Talks dragged on for months, with growing complaints from Schachter and others who felt Stewart and Bacanovic’s lawyers had had more than an adequate chance to make their arguments. Seymour didn’t want anyone to feel they’d been pressured by arbitrary deadlines. By Memorial Day, they’d pretty much reached their final negotiating stances: Stewart would plead guilty to one count of making a false statement, the least serious of the potential felony charges against her and, according to the sentencing guidelines, the one with the least chance of a jail sentence. Comey, in return, agreed that the Justice Department wouldn’t seek a jail term. It wouldn’t guarantee she wouldn’t get one. But if the judge decided to impose a jail term, Stewart would have the right to withdraw her guilty plea. Under these circumstances, Comey felt the possibility of jail to be extremely remote. “That’s a deal breaker,” Seymour warned, urging that he go ahead and give the guarantee. But Comey wouldn’t go any further.

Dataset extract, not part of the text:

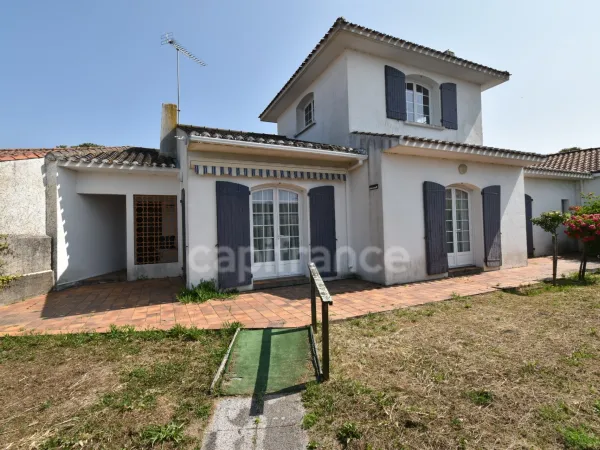 Maison 8 pièces 181 m²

That weekend Comey and David Kelley were playing golf as Seymour delivered the ultimatum to Morvillo and Stewart’s lawyers. They were on the tee when Comey’s cell phone rang. Seymour was ebullient: Stewart had accepted. At least, Pedowitz had indicated she would. “We’ll get there,” he’d said. The clear understanding was they had a deal. Stewart would plead to one felony as long as she could withdraw the plea if the judge sentenced her to prison. The SEC would allow her to remain a director of her company. Beyond the mechanics of the plea, the deal was a breakthrough: Stewart was finally accepting responsibility and admitting guilt. To the prosecutors, that was far more important than any jail term.
The prosecutors were relieved. The negotiations had been tough. Given Stewart’s celebrity, everything about them had brought intense scrutiny. A settlement would save the enormous costs of a trial as well as the risk of losing. They felt the facts were compelling, but who knew how a jury would react to Stewart? None of them had tried a case against a defendant so visible, whom everyone thought they knew, and who was beloved by many.
Little more than forty-five minutes later, Pedowitz called Seymour again. “Martha won’t do it,” he told her. Seymour’s heart sank. Stewart had decided, according to Pedowitz, that “her business and reputation couldn’t take any admission of guilt.” The lawyers had pressed her, pointing out the risks of trial and trying to disabuse her of any notion that she’d get an even better deal by holding out. But Stewart had stubbornly resisted. Seymour thought it significant that Pedowitz didn’t make any further claims that Stewart was innocent, only that she had made the decision for business reasons.
Seymour’s primary reaction was one of sadness, not just for Stewart, but for Bacanovic, who’d obviously tethered himself to her fate; for Faneuil, who would now have the ordeal of a trial; for the other witnesses; for Stewart’s employees and shareholders, for whom the ordeal would be vastly prolonged. Seymour felt like she was watching a train wreck unfold that she was powerless to stop. She felt no good would come of Stewart’s decision. But at this juncture the Justice Department had no alternative but to try the case.